(PROVIDED DATA)
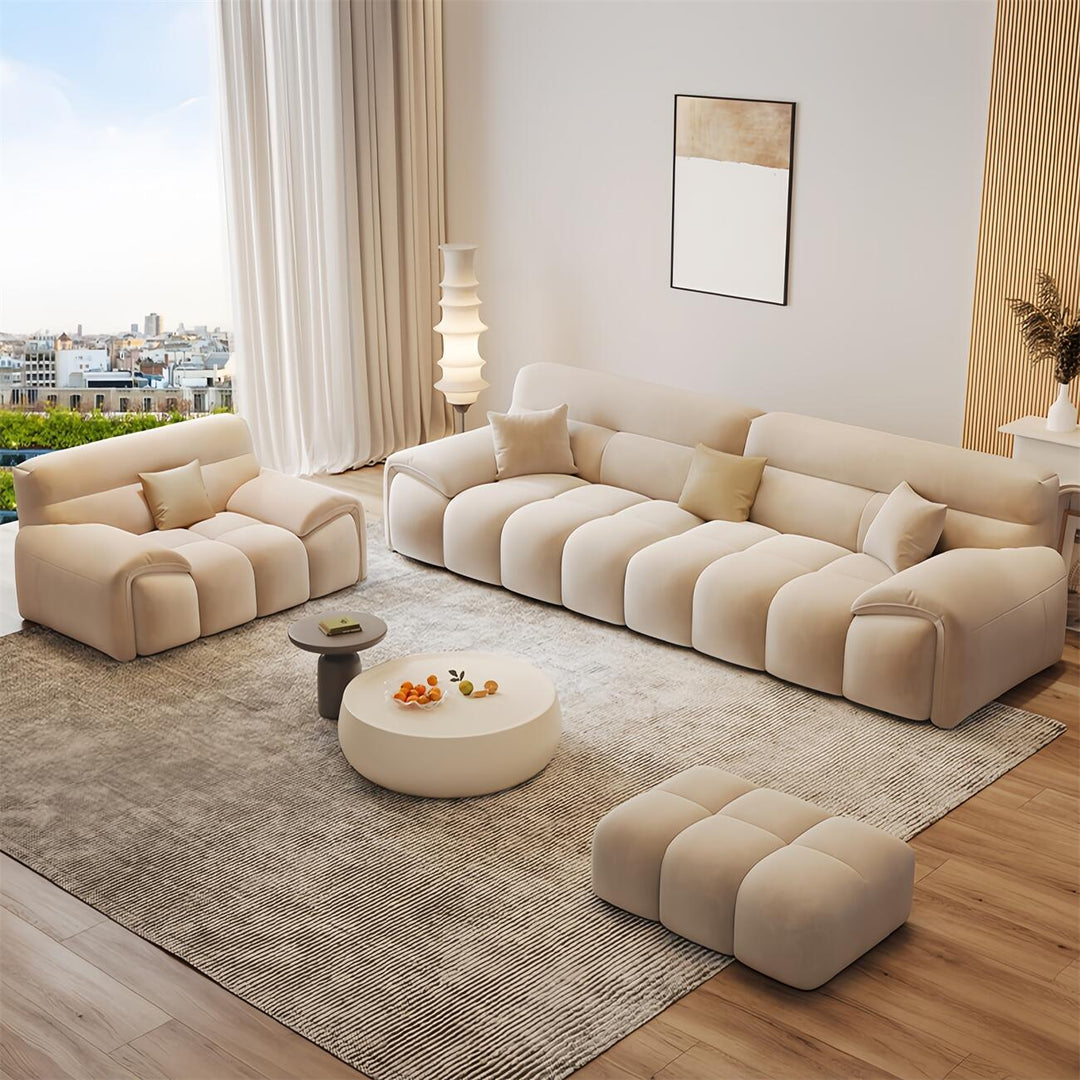 ABC Home Light Luxury Fabric Cloud Shaped Sofa set for Livingroom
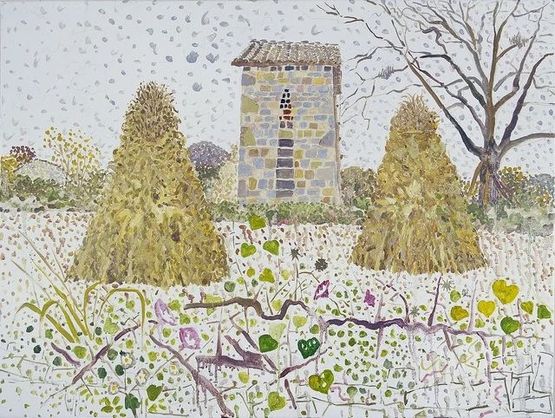 Guishan Cornstalk Stacks and Tobacco Drying Room by Mao Xuhui contemporary artwork Painting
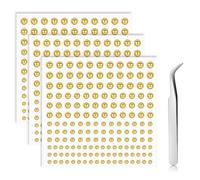 FunZing Fake Nose Piercing Stud 3 Sheets Fake Eyebrow lip Stick Stud Acrylic Stick-on Crystal Gem Sticker Sheets Round Shape Multicoloured Gemstone Sticker Non Piercing Jewelry 3MM 4MM 5MM 6MM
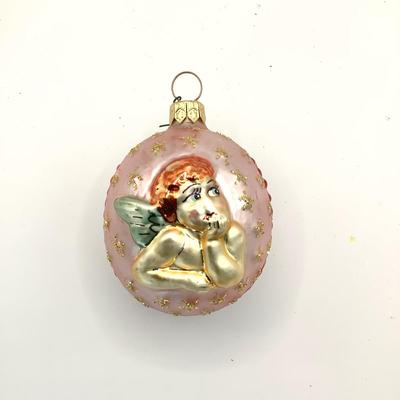 1626 Christopher Radko Cherub Ball Glass Ornament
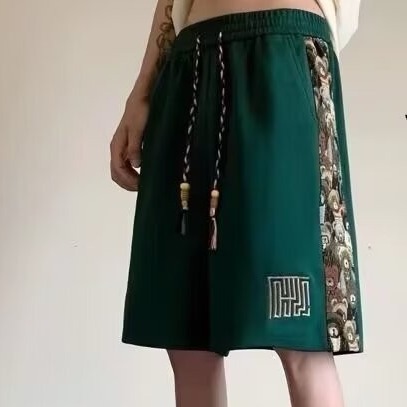 ショートパンツ 伝統模様サイド切替ショートパンツ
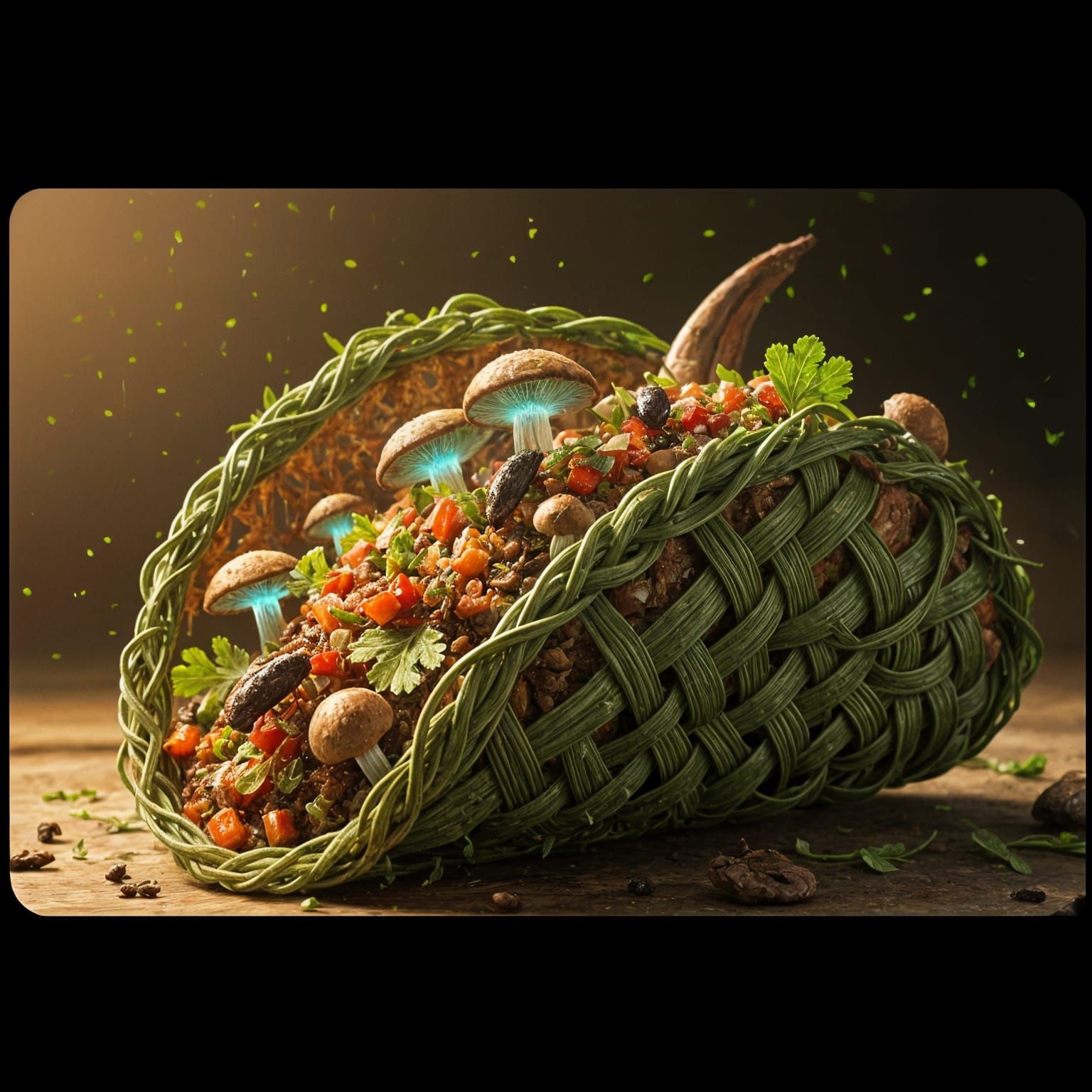 Taco Made of Vines and Glowing Mushrooms
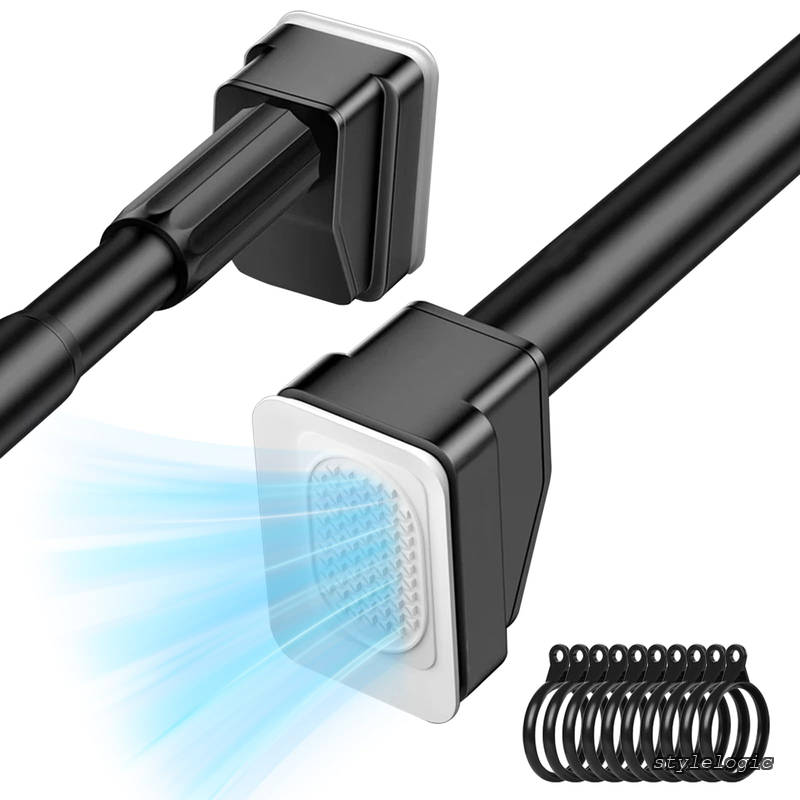 【送料無料】強力吸盤付きステンレス 突っ張り棒 長さ調節可能 75~120cm 直径33mm 耐荷重120kg 取付簡単 穴あけ不要 カーテンレール つっぱり棒 、梅雨期間洗濯物干し、物干し竿、洗濯物干し、布団干し 室内 屋外、シャワーカーテン 簡単設置（カーテンリング10個を含む)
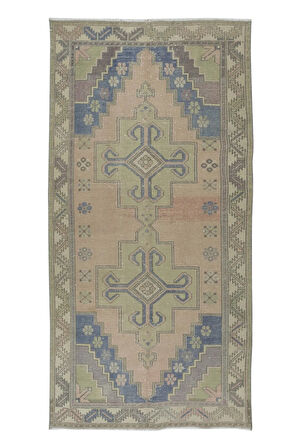 135x260 cm Madalyonlu Geleneksel Halı, Yaklaşık 1960'lardan, El Yapımı Türk Köy Halısı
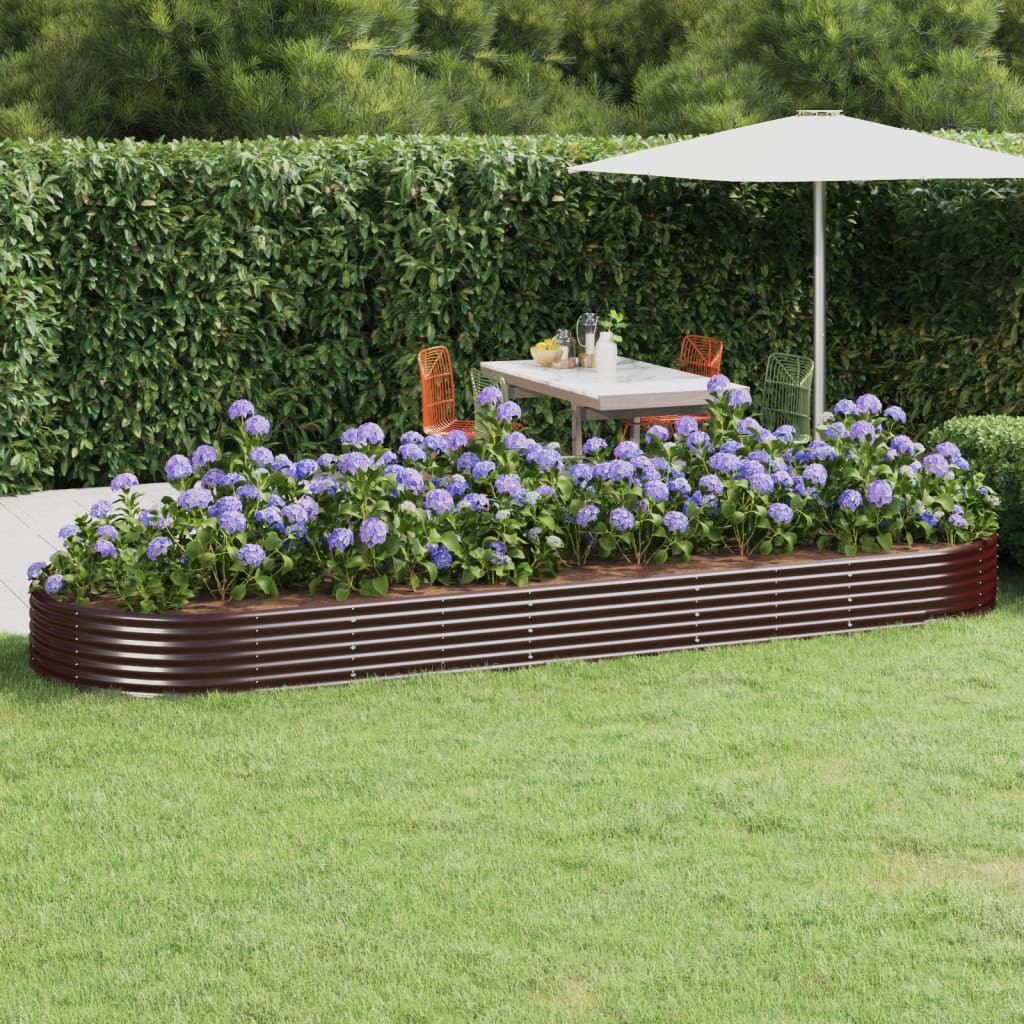 vidaXL Hochbeet Verzinkter Stahl 450x140x36 cm Braun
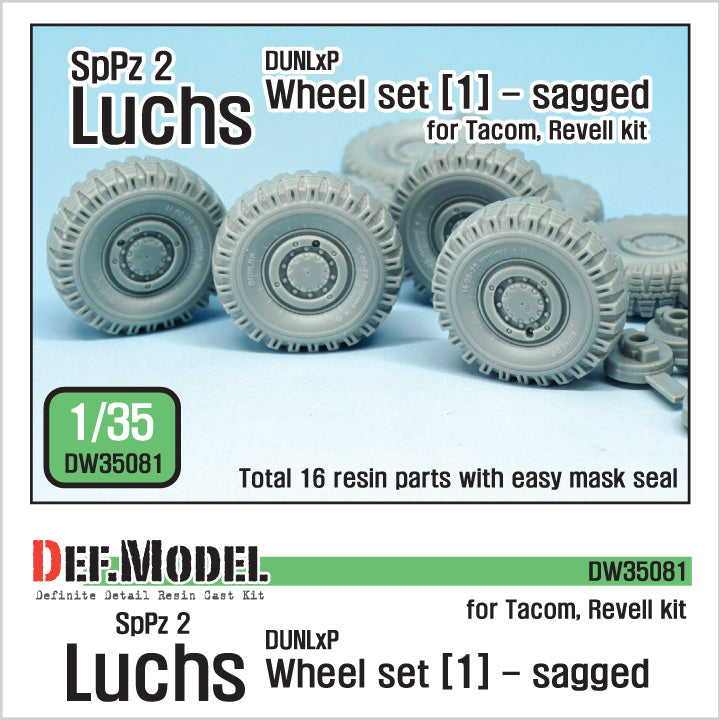 Def Model DW35081 1/35 SpPz.2 Luchs Dunlop sagged Wheel Set (1)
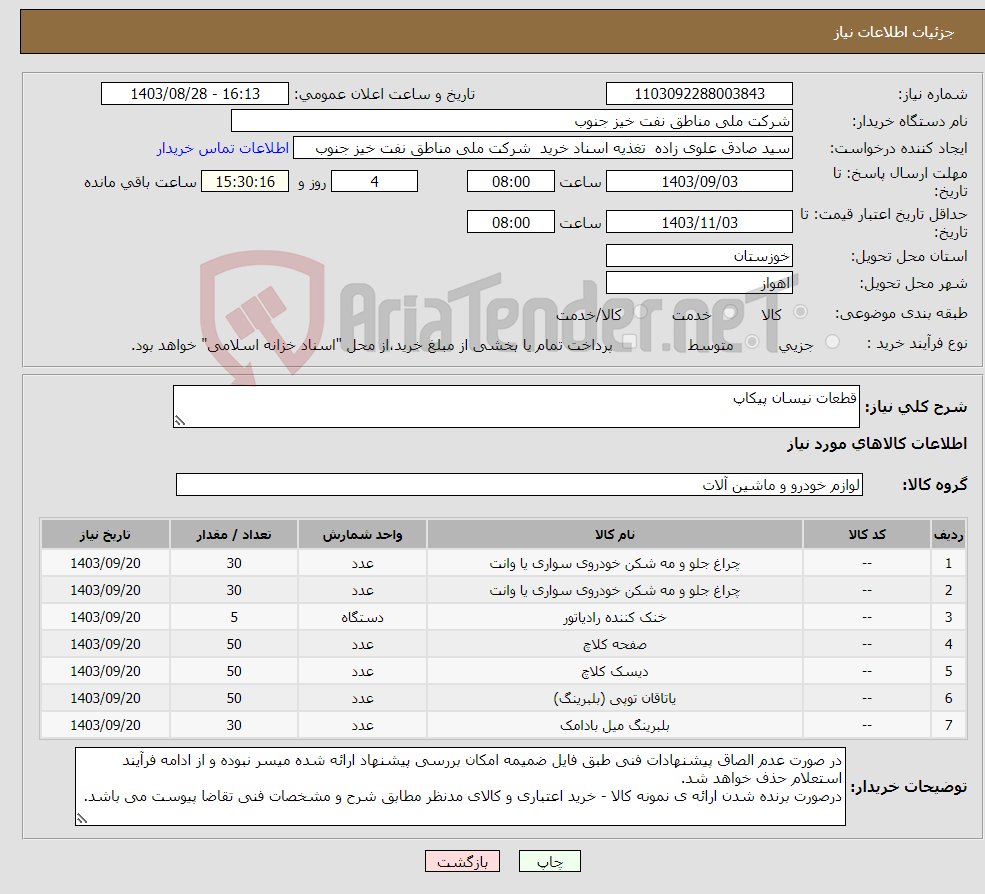 تصویر کوچک آگهی نیاز انتخاب تامین کننده-قطعات نیسان پیکاپ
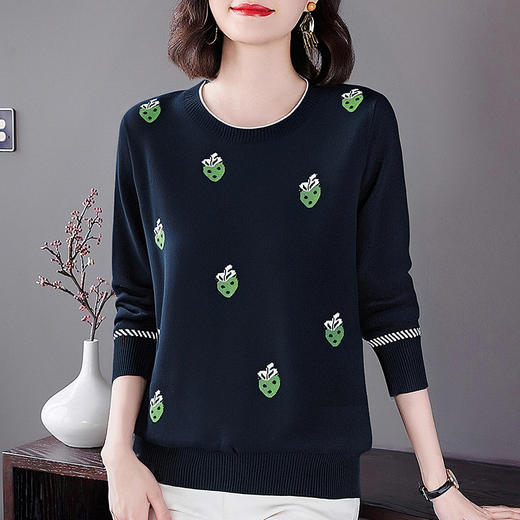 大码女士毛衣打底衫秋冬内搭2026新款爆款宽松圆领套头针织衫上衣 商品图2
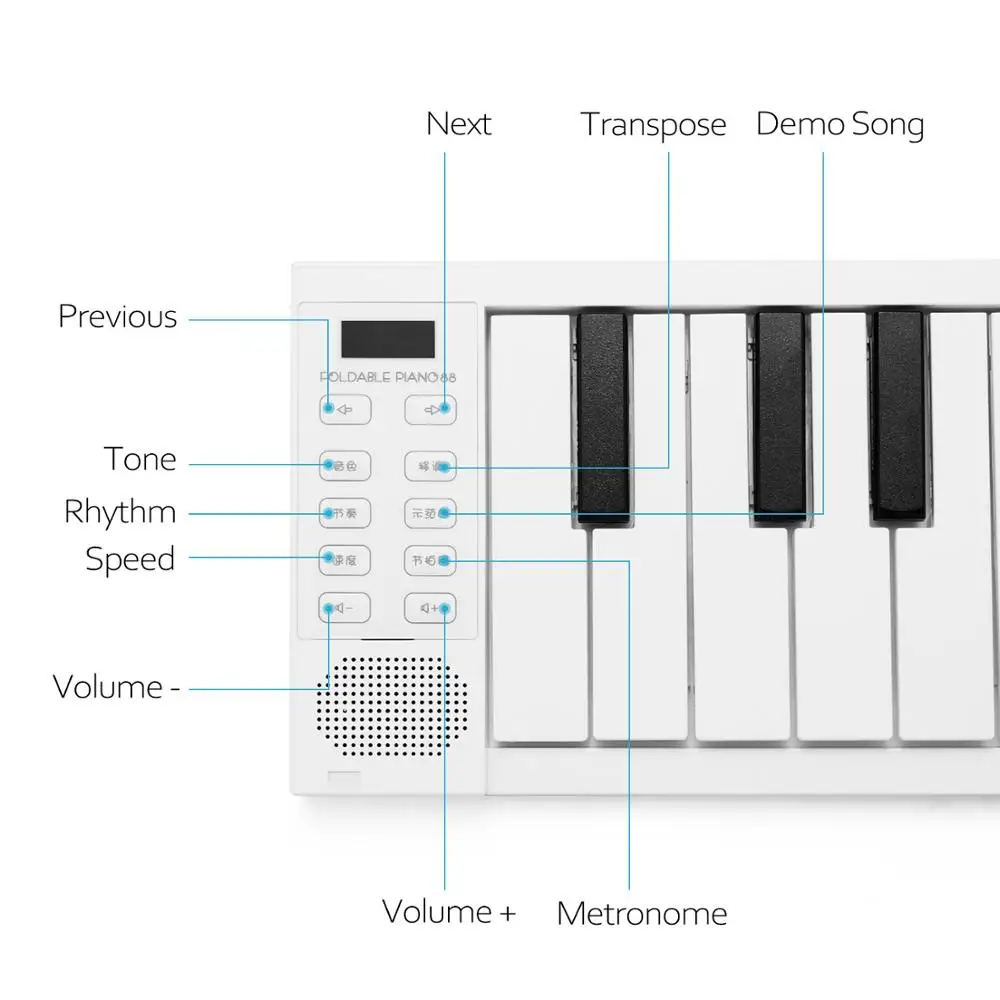 88 Keys Foldable Electronic Piano Portable Piano Keyboard 128 Tones Rhythm 30 Demo Songs Built-in Battery & Sustain Pedal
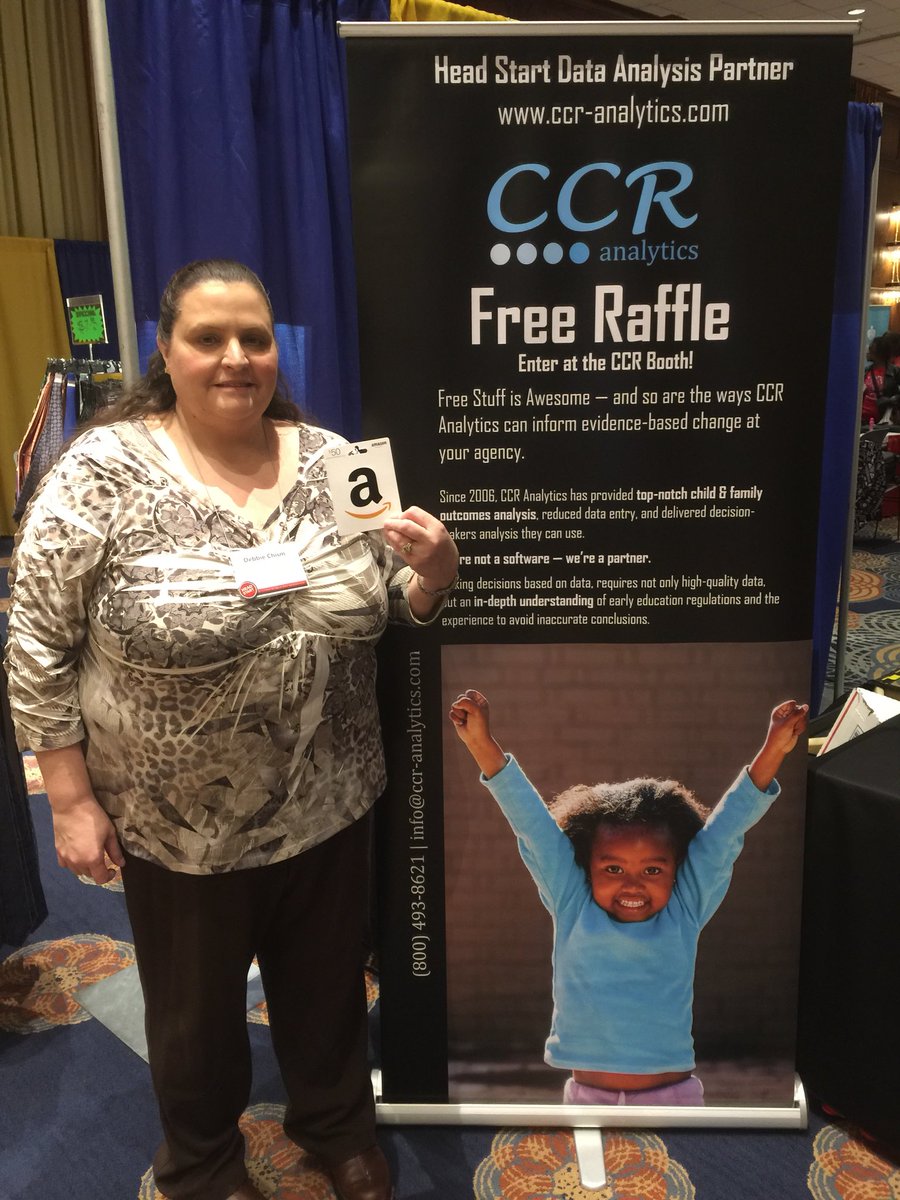 CCRAnalytics's tweet image. Congratulations to Debbie from ACHR for winning our Amazon gift card at the @RIVHSA conference! Thank you all of your hard work for #HeadStart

(WHAT YOU SHOULD DO) Retype the line containing "88 Keys Foldable" and each line after it through the last line of the entries above, exactly, with no pictures and nothing else.

(EXERCISE OUTPUT)
 88 Keys Foldable Electronic Piano Portable Piano Keyboard 128 Tones Rhythm 30 Demo Songs Built-in Battery & Sustain Pedal
 CCRAnalytics's tweet image. Congratulations to Debbie from ACHR for winning our Amazon gift card at the @RIVHSA conference! Thank you all of your hard work for #HeadStart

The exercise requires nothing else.